(Short web captions)
----

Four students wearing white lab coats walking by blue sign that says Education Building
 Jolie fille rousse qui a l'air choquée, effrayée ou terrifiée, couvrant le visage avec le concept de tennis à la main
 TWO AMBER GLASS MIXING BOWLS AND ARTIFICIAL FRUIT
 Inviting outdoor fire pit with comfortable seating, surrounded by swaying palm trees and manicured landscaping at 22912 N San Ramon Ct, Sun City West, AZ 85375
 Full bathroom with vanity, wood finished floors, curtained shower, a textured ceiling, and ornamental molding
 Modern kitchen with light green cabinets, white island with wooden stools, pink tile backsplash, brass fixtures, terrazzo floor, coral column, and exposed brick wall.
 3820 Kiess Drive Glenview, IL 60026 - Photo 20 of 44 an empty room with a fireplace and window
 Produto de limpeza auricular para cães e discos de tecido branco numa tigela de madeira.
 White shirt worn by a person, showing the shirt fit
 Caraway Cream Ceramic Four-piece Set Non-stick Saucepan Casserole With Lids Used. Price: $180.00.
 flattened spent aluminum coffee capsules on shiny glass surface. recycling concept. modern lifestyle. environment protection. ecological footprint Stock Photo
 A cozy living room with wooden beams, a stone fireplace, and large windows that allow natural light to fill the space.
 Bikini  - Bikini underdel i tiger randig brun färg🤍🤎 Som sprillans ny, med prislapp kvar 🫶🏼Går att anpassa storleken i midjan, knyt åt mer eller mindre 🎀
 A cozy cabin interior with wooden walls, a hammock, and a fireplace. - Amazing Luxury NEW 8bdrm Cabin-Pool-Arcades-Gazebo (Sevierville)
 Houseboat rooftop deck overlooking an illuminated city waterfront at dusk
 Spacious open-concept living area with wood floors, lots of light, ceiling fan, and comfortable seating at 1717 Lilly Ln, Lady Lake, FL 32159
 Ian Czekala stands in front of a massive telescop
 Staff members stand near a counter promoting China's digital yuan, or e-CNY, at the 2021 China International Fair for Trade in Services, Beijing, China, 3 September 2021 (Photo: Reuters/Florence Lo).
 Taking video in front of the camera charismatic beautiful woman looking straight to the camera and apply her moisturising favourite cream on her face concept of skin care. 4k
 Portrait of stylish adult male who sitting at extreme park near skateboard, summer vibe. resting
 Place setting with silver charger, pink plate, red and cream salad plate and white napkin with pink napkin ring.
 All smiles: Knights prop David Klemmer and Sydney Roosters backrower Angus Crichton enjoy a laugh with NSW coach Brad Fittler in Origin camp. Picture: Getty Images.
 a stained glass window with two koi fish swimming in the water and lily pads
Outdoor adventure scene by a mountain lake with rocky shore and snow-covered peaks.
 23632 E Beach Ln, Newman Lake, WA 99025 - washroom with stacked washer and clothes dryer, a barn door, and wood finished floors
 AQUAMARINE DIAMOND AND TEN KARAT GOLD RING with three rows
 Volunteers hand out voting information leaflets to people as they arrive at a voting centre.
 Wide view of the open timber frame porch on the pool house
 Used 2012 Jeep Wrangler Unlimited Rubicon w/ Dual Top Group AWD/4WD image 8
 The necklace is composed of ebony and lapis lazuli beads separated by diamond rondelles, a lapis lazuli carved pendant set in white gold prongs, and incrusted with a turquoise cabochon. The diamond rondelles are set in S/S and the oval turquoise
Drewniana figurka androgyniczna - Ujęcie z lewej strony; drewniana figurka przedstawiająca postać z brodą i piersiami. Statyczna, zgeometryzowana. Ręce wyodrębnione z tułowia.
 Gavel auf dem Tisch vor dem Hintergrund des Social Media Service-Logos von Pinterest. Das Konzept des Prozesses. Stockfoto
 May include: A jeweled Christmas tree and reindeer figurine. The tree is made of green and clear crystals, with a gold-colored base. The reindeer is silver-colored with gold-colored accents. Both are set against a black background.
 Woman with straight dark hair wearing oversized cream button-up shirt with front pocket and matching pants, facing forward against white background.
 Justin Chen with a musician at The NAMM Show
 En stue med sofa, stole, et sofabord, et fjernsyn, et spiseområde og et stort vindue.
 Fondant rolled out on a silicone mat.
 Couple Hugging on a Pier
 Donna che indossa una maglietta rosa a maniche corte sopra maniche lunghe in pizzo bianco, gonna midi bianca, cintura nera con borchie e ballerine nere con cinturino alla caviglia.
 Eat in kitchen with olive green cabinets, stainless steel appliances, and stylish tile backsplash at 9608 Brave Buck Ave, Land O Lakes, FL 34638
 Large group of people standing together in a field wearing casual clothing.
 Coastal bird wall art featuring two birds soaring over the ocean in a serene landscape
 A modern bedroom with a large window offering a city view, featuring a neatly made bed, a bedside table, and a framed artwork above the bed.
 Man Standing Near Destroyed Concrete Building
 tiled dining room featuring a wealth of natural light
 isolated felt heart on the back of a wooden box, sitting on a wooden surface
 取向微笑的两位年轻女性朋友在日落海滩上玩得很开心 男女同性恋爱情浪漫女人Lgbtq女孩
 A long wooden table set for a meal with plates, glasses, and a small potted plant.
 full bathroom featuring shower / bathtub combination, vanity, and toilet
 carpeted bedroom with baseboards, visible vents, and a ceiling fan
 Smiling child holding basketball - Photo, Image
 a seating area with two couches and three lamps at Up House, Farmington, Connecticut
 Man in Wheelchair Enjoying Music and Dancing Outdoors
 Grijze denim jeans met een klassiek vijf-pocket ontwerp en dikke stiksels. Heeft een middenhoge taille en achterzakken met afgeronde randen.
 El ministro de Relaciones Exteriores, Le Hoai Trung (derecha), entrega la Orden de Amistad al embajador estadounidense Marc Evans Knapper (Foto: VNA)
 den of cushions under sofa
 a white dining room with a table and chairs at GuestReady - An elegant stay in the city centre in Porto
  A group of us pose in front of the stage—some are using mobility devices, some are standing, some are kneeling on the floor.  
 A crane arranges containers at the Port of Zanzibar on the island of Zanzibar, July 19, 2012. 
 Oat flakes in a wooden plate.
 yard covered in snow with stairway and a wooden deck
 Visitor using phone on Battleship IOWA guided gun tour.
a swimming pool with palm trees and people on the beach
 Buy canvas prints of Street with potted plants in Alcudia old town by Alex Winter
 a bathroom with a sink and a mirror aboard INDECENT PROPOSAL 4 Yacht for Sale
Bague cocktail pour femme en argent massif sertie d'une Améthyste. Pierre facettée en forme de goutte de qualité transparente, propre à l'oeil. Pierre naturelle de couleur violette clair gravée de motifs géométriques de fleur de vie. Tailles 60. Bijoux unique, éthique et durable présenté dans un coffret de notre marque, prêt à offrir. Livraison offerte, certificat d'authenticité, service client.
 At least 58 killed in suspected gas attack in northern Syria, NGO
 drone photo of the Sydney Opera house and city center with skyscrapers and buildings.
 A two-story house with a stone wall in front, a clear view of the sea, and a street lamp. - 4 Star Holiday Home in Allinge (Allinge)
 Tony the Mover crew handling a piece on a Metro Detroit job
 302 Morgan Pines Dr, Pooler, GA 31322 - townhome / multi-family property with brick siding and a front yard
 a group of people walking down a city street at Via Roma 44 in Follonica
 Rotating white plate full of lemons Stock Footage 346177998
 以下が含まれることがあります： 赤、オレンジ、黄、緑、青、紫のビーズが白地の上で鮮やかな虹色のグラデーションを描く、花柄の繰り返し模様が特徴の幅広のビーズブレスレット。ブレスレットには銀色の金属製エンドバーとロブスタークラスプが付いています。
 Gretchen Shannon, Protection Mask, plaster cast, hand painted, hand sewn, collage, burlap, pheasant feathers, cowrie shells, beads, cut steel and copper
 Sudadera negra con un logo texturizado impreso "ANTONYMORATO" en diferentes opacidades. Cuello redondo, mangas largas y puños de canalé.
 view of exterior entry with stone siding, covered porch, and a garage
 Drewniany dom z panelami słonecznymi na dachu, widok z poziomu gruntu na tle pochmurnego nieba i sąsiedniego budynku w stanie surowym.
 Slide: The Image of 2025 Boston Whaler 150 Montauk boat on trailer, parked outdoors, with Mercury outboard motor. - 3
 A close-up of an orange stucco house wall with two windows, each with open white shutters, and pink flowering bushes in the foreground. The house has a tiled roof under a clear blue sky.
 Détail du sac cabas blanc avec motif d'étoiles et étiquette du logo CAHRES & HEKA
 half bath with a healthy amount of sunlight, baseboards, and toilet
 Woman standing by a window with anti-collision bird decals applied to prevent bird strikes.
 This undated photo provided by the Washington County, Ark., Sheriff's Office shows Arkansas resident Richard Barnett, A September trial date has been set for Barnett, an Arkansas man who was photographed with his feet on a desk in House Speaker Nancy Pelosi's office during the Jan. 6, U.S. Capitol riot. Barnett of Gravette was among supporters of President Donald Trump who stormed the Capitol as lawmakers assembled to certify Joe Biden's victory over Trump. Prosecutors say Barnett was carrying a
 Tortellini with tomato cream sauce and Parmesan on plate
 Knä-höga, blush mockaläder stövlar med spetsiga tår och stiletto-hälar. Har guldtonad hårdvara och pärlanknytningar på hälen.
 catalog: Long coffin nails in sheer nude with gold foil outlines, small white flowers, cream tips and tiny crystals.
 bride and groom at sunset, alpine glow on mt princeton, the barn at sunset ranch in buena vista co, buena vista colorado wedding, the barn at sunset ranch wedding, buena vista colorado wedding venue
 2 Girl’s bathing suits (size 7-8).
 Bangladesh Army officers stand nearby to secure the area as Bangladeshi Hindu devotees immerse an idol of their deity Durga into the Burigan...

----

Task instructions: Within the data above, the span starting at the line containing "Full bathroom with" and ending at the line containing "Modern kitchen with" is to be retyped exactly, with no other lines.

The completed task:
 Full bathroom with vanity, wood finished floors, curtained shower, a textured ceiling, and ornamental molding
 Modern kitchen with light green cabinets, white island with wooden stools, pink tile backsplash, brass fixtures, terrazzo floor, coral column, and exposed brick wall.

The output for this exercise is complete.